Records excerpted from a collection »
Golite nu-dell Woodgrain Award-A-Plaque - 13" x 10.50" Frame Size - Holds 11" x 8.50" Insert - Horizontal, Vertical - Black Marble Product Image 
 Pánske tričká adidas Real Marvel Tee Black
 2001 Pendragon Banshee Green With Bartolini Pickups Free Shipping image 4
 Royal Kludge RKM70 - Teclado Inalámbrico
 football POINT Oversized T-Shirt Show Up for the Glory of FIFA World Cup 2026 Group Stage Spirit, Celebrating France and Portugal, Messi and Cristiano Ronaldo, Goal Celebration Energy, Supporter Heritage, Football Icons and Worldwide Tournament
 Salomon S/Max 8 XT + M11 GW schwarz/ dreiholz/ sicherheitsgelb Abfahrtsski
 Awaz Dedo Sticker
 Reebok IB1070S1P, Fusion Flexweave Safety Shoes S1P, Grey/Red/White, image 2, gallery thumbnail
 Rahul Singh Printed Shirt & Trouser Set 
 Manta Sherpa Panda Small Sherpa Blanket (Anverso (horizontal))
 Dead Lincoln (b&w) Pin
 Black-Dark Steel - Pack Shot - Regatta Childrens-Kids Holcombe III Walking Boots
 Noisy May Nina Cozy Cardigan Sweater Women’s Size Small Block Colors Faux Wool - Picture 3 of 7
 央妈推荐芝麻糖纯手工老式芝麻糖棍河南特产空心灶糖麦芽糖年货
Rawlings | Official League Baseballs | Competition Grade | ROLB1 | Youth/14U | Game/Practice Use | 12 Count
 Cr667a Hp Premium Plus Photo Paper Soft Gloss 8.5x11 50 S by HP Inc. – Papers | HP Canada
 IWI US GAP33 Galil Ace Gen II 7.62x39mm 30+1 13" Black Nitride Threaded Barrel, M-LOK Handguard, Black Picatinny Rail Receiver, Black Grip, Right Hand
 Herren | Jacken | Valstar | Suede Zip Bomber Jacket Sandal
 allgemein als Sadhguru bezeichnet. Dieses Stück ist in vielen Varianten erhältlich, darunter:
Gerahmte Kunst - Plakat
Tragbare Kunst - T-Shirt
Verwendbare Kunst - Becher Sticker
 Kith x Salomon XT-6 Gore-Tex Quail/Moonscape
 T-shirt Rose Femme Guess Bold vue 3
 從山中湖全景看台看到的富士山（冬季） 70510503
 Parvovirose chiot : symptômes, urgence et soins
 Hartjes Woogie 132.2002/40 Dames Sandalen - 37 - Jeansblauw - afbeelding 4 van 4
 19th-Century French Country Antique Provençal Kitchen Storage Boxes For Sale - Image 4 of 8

How to complete this task »
Repeat all the data, every line exactly.

Response box »
Golite nu-dell Woodgrain Award-A-Plaque - 13" x 10.50" Frame Size - Holds 11" x 8.50" Insert - Horizontal, Vertical - Black Marble Product Image 
 Pánske tričká adidas Real Marvel Tee Black
 2001 Pendragon Banshee Green With Bartolini Pickups Free Shipping image 4
 Royal Kludge RKM70 - Teclado Inalámbrico
 football POINT Oversized T-Shirt Show Up for the Glory of FIFA World Cup 2026 Group Stage Spirit, Celebrating France and Portugal, Messi and Cristiano Ronaldo, Goal Celebration Energy, Supporter Heritage, Football Icons and Worldwide Tournament
 Salomon S/Max 8 XT + M11 GW schwarz/ dreiholz/ sicherheitsgelb Abfahrtsski
 Awaz Dedo Sticker
 Reebok IB1070S1P, Fusion Flexweave Safety Shoes S1P, Grey/Red/White, image 2, gallery thumbnail
 Rahul Singh Printed Shirt & Trouser Set 
 Manta Sherpa Panda Small Sherpa Blanket (Anverso (horizontal))
 Dead Lincoln (b&w) Pin
 Black-Dark Steel - Pack Shot - Regatta Childrens-Kids Holcombe III Walking Boots
 Noisy May Nina Cozy Cardigan Sweater Women’s Size Small Block Colors Faux Wool - Picture 3 of 7
 央妈推荐芝麻糖纯手工老式芝麻糖棍河南特产空心灶糖麦芽糖年货
Rawlings | Official League Baseballs | Competition Grade | ROLB1 | Youth/14U | Game/Practice Use | 12 Count
 Cr667a Hp Premium Plus Photo Paper Soft Gloss 8.5x11 50 S by HP Inc. – Papers | HP Canada
 IWI US GAP33 Galil Ace Gen II 7.62x39mm 30+1 13" Black Nitride Threaded Barrel, M-LOK Handguard, Black Picatinny Rail Receiver, Black Grip, Right Hand
 Herren | Jacken | Valstar | Suede Zip Bomber Jacket Sandal
 allgemein als Sadhguru bezeichnet. Dieses Stück ist in vielen Varianten erhältlich, darunter:
Gerahmte Kunst - Plakat
Tragbare Kunst - T-Shirt
Verwendbare Kunst - Becher Sticker
 Kith x Salomon XT-6 Gore-Tex Quail/Moonscape
 T-shirt Rose Femme Guess Bold vue 3
 從山中湖全景看台看到的富士山（冬季） 70510503
 Parvovirose chiot : symptômes, urgence et soins
 Hartjes Woogie 132.2002/40 Dames Sandalen - 37 - Jeansblauw - afbeelding 4 van 4
 19th-Century French Country Antique Provençal Kitchen Storage Boxes For Sale - Image 4 of 8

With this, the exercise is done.